Proposed budget compromise includes gradual increase in Medicare premiums

About Liz Seegert

Liz Seegert (@lseegert), is AHCJ’s topic editor on aging. Her work has appeared in NextAvenue.com, Journal of Active Aging, Cancer Today, Kaiser Health News, the Connecticut Health I-Team and other outlets. She is a senior fellow at the Center for Health Policy and Media Engagement at George Washington University and co-produces the HealthCetera podcast.

While much of America was watching the New York Mets and Kansas City Royals battle it out for 14 long innings Tuesday night, House Republican leadership and the White House were battling out a budget compromise. The agreement still must be approved by the full House and the Senate. Update: The House passed the bill with a 266 to 167 vote late Wednesday and the Senate approved it on Friday.

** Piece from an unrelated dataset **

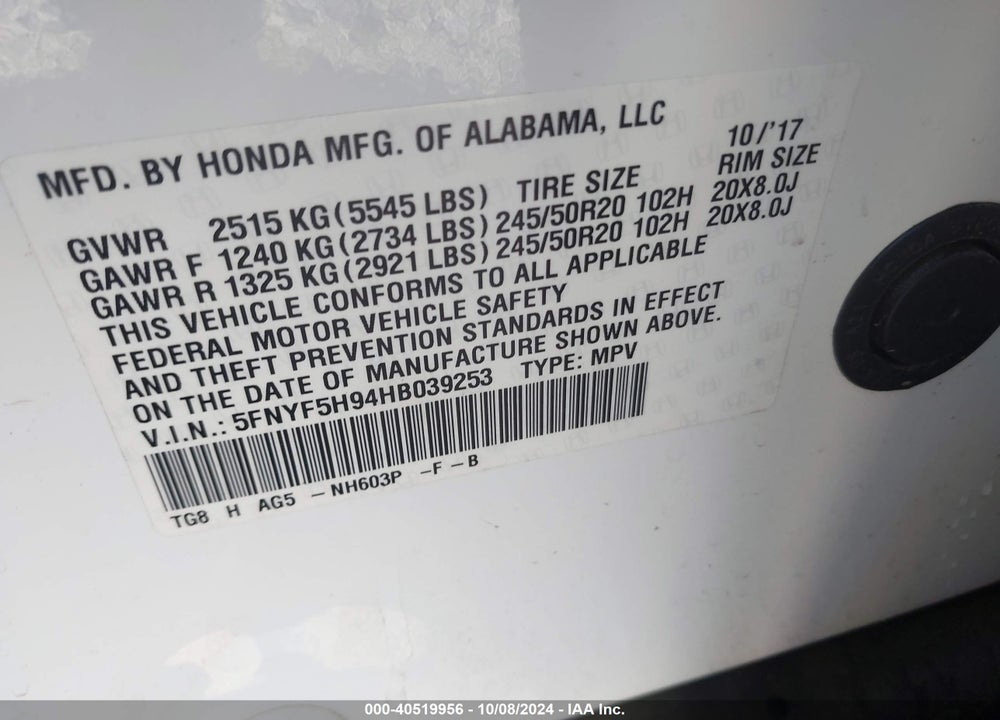 2017 HONDA PILOT TOURING VIN: 5FNYF5H94HB039253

The bill funds federal government for the next two years and avoids a potential government shutdown. The deal plugs an impending hole in the Social Security disability trust fund. Without it, millions getting disability would have seen their benefits significantly cut. It also staves off a potentially historic increase in Medicare for Part B premiums for about 15 million beneficiaries.

The Medicare provision stalls a scheduled cut to the rates doctors get paid under Medicare by law for three months. Legislators hope to come up with a permanent fix to slow Medicare costs.

Modifications to the Social Security Disability Insurance program would standardize varying state eligibility requirements, which, as The New York Times reports, could save the government $5 billion. According to The Hill, “The deal would specifically extend the 2 percent payment cut to Medicare under the sequester.”

The 144-page budget bill will “Maintain 2016 Medicare part B premium and deductible levels consistent with actuarially fair rates.” This will be done via a “loan” to the Medicare Trust Fund from the general Treasury. The loan will be repaid over time by gradual increases in beneficiaries’ premiums – a much better trade off than what could have been a 50 percent increase for nearly a third of beneficiaries. The new base rate would rise to $120 from $104; a 14 percent hike. Higher-income beneficiaries would pay an additional $3 per month surcharge.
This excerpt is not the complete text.